Dalam masa pemilu, caleg yang organik akan memanen suara rakyat dari hasil akumulasi modalnya. Jika proses hal itu yang terjadi, beriklan di berbagai media sosial dan memasang baliho hanyalah sebuah komplemen dari proses politik yang sebelumnya telah dirancang oleh para kontestan pemilu. Dengan kata lain pula, para caleg tidak perlu jorjoran untuk memasang baliho gambar dirinya di berbagai tempat untuk mengenalkan dirinya kepada pemilih. Artinya pula, ongkos politik tidak terlampau besar.

Hal itulah yang tidak disadari oleh para caleg pada kontestasi Pemilu 2024. Tentu banyak caleg yang lahir dari proses yang organik, tetapi caleg karbitan jauh lebih banyak. Caleg yang muncul dengan proses instan pada umumnya berupaya mendongkrak popularitas dengan cara beriklan secara membabi buta pada masa kampanye.

Oleh sebab itu, asal memiliki logistik kampanye yang kuat, seseorang dapat maju sebagai bakal caleg dari suatu partai tertentu. Para caleg instan itu lupa bahwa ada yang jauh lebih penting dari persoalan popularitas, yaitu soal ideologi serta visi dan misi. Begitulah fenomena umum yang terjadi pada Pemilu 2024.

Hal ini juga menandakan partai politik sebagai wadah menumbuhkembangkan pengaderan dan penempaan calon politisi tidak bergerak sebagaimana mestinya. Seharusnya, setiap partai politik mampu menempa para kadernya untuk disiapkan menjadi politisi yang matang secara organik, bukan politisi karbitan yang hanya muncul gaungnya di masa kampanye.

Demokrasi Indonesia harus naik kelas, bukan sebagai ajang mencari lowongan kerja politik bagi para orang-orang berduit, melainkan ajang menyaring politisi yang tumbuh dari proses yang organik dan memiliki integritas yang kuat sebagai wakil rakyat.

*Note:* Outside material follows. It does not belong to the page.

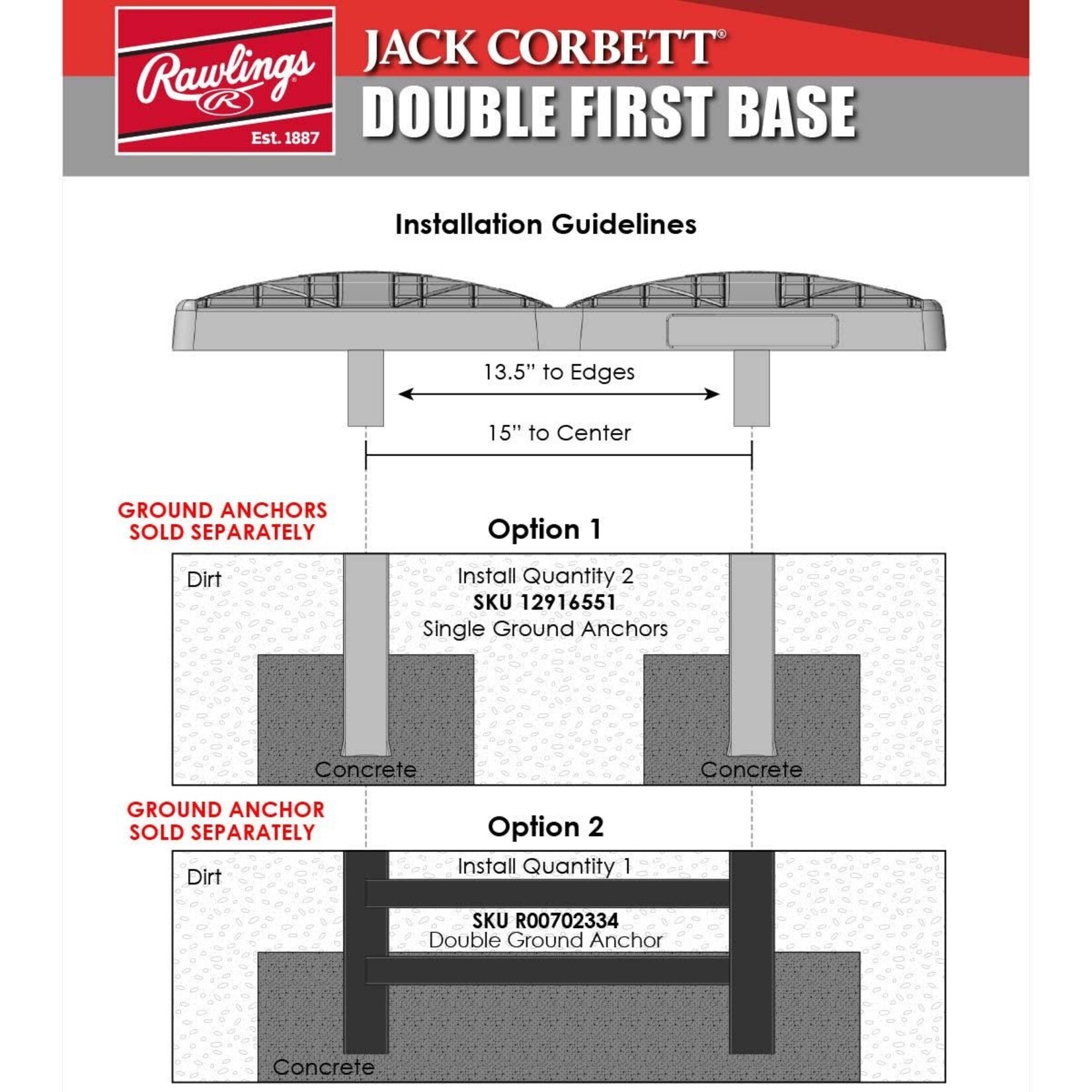 Rawlings Jack Corbett Hollywood Double First Base, Green/White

Ironisnya, sesat pikir dalam menyongsong pemilu tampaknya menjadi sebuah fenomena yang terus berulang dari waktu ke waktu. Pemilu justru menjadi rahim lahirnya caleg karbitan, bukan caleg yang muncul dari proses politik yang berjenjang. Pada akhirnya, pertanyaannya adalah, kapan sesat pikir ini akan disudahi?